## Task requirements
For the records below, copy exactly the span that begins at the line containing "dretec O-209BL Thermometer, Indoor, Outdoor, Blue" and stops after the line containing "Denim Shirt - Skjorter - Tailored fit - Blå", minus any pictures.

## Information given
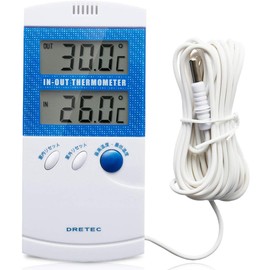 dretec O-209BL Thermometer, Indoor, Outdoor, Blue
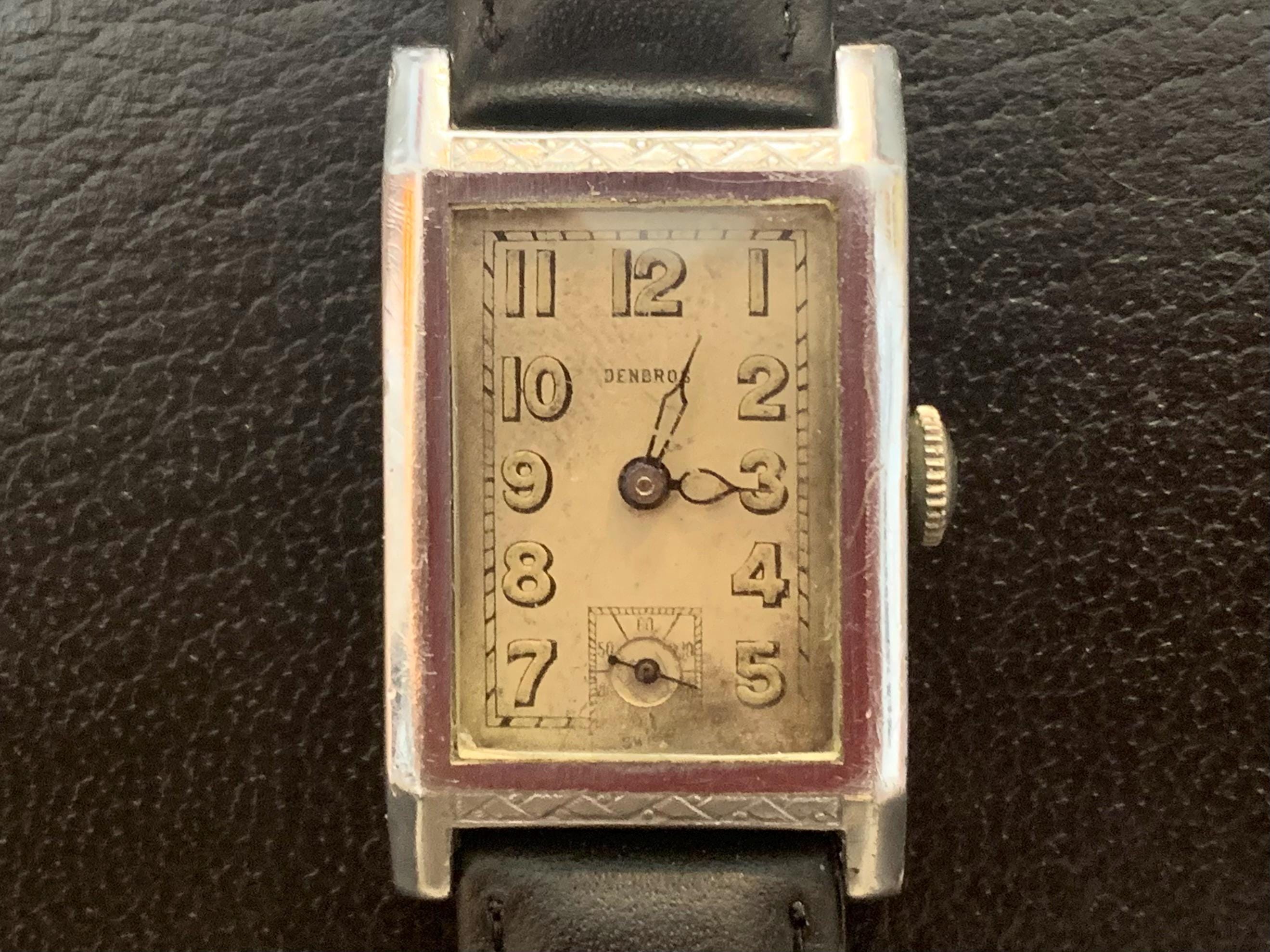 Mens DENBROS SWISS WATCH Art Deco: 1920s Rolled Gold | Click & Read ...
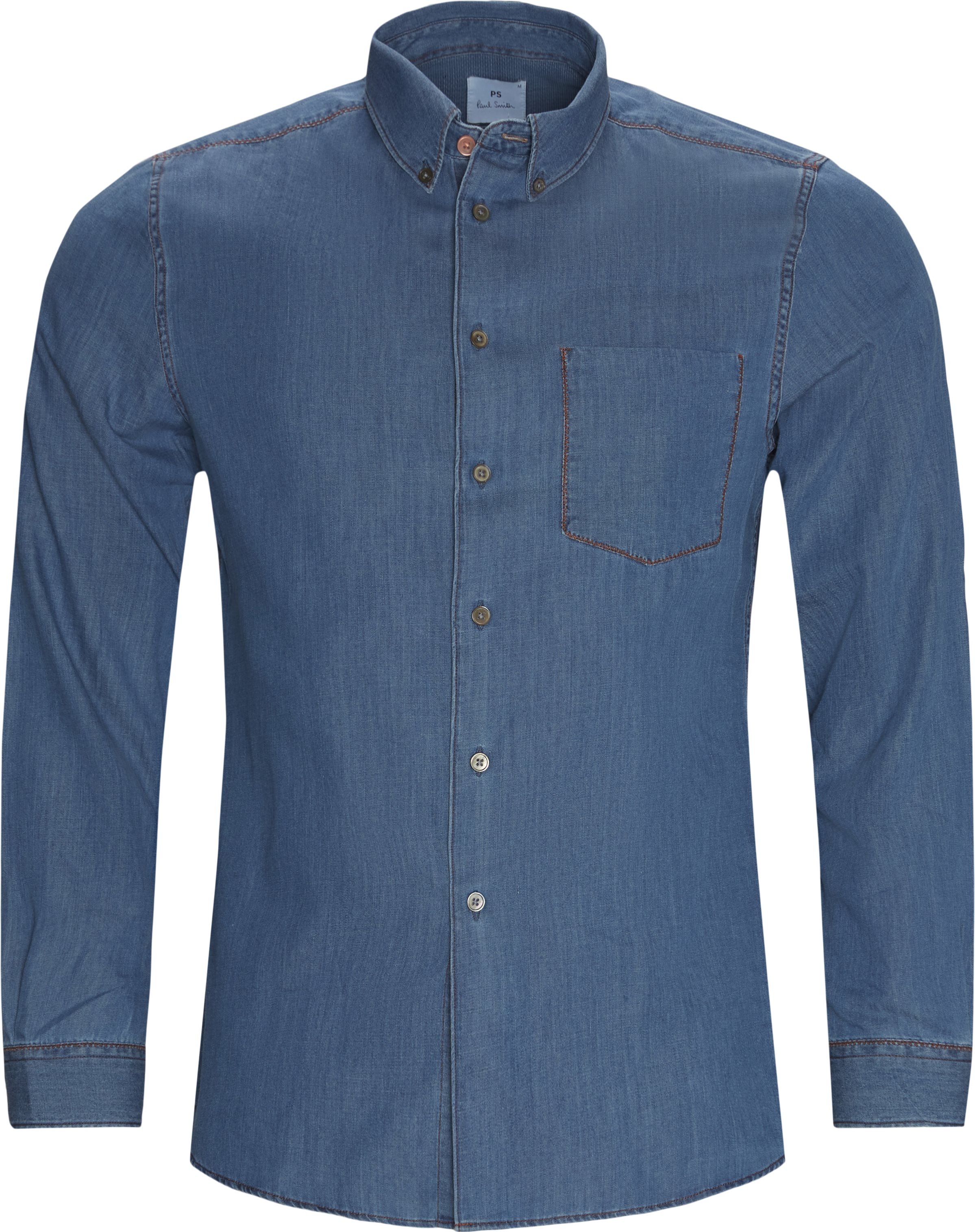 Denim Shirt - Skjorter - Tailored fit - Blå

* * *

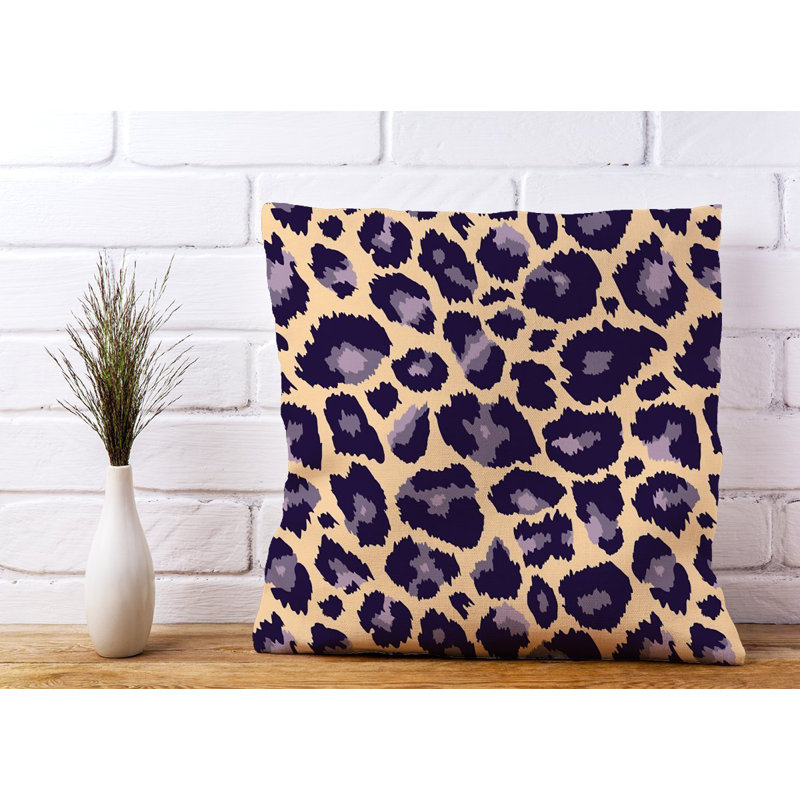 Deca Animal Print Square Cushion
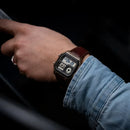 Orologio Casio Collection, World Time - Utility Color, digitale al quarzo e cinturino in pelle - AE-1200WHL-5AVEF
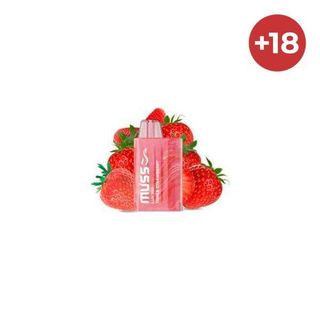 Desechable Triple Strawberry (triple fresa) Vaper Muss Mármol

## Exercise output
 dretec O-209BL Thermometer, Indoor, Outdoor, Blue
 Mens DENBROS SWISS WATCH Art Deco: 1920s Rolled Gold | Click & Read ...
 Denim Shirt - Skjorter - Tailored fit - Blå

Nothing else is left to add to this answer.